What’s new for HA in vSphere 6.0?

Duncan Epping · Feb 4, 2015 ·

Instead of one generic post with a bunch of data I picked a couple of features and dug a little bit deeper, today I will be discussing what is new for HA in vSphere 6.0. Lets start with a list and then look at the features / enhancements individually:

Support for Virtual Volumes – With Virtual Volumes a new type of storage entity is introduced in vSphere 6.0.
VM Component Protection – This allows HA to respond to a scenario where the connection to the virtual machine’s datastore is impacted temporarily or permanently.
- “Response for Datastore with All Paths Down”
- “Response for Datastore with Permanent Device Loss”
Increased scale – Cluster limit has grown from 32 to 64 hosts and to a max of 8000 VMs per cluster
Registration of “HA Disabled” VMs on hosts after failure

Lets start with support for Virtual Volumes. It may sound like this is a given but as the whole concept of a VMFS volume no longer exists with Virtual Volumes and VMs have “virtual volumes” instead of VMDKs you can imagine that some work was needed to allow for HA to restart virtual machines stored on a VVOL enabled storage system.

VM Component Protection (VMCP) is in my opinion THE big thing that got added to vSphere HA. What this feature basically allows you to do is protect yourself against storage failures. There are two types of failures VMCP will respond to and those are PDL and APD. Before we look at some of the details, I want to point out that configuring is extremely simple… Just one tickbox to enable it.
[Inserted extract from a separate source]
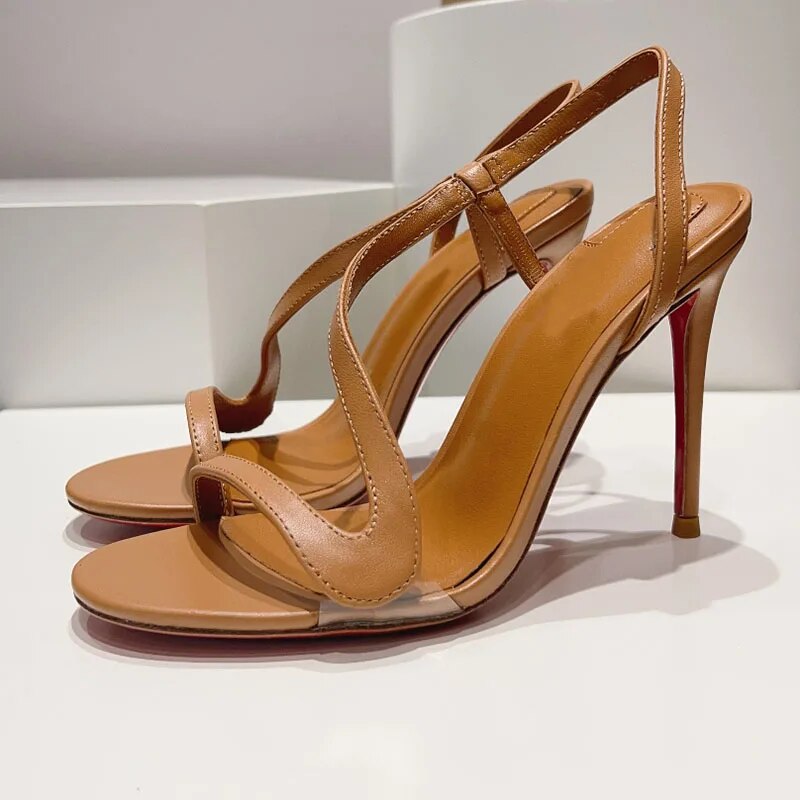 Red Gladiator Sandals Woman Open Toe Ankle Strap Narrow Band High Heels Lady Party Shoes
In the case of a PDL (permanent device loss), this is something HA already was capable of doing when configured through the command line, a VM will be restarted instantly when a PDL signal is issued by the storage system. For an APD (all paths down) this is a bit different. A PDL more or less indicates that the storage device does not expect the device to return any time soon. An APD is more of an unknown situation, it may return… it may not… and no clue how long it takes. With vSphere 5.1 some changes were introduced to the way APD is handled by the hypervisor in this mechanism is leveraged by HA to allow for a response. (Cormac wrote an excellent post about this APD handling here.) When an APD occurs a timer starts. After 140 seconds the APD is declared and the device is marked as APD time out. When the 140 seconds has passed HA will start counting. The HA time out is 3 minutes. When the 3 minutes has passed HA can restart the virtual machine, but you can configure VMCP to respond differently if you want it to. You could for instance specify that events are issued that a PDL or APD has occurred. You can also specify how aggressively HA needs to try to restart VMs that are impacted by an APD. Note that aggressive / conservative refers to the likelihood of HA being able to restart VMs. When set to “conservative” HA will only restart the VM that is impacted by the APD if it knows another host can restart it. In the case of “aggressive” HA will try to restart the VM even if it doesn’t know the state of the other hosts, which could lead to a situation where your VM is not restarted as there is no host that has access to the datastore the VM is located on. It is also good to know that if the APD is lifted and access to the storage is restored during the total of roughly 5 minutes and 20 seconds it would take to reboot the VM, that HA will not do anything unless you explicitly configure it do so. This is where the “Response for APD recovery after APD timeout” comes in to play.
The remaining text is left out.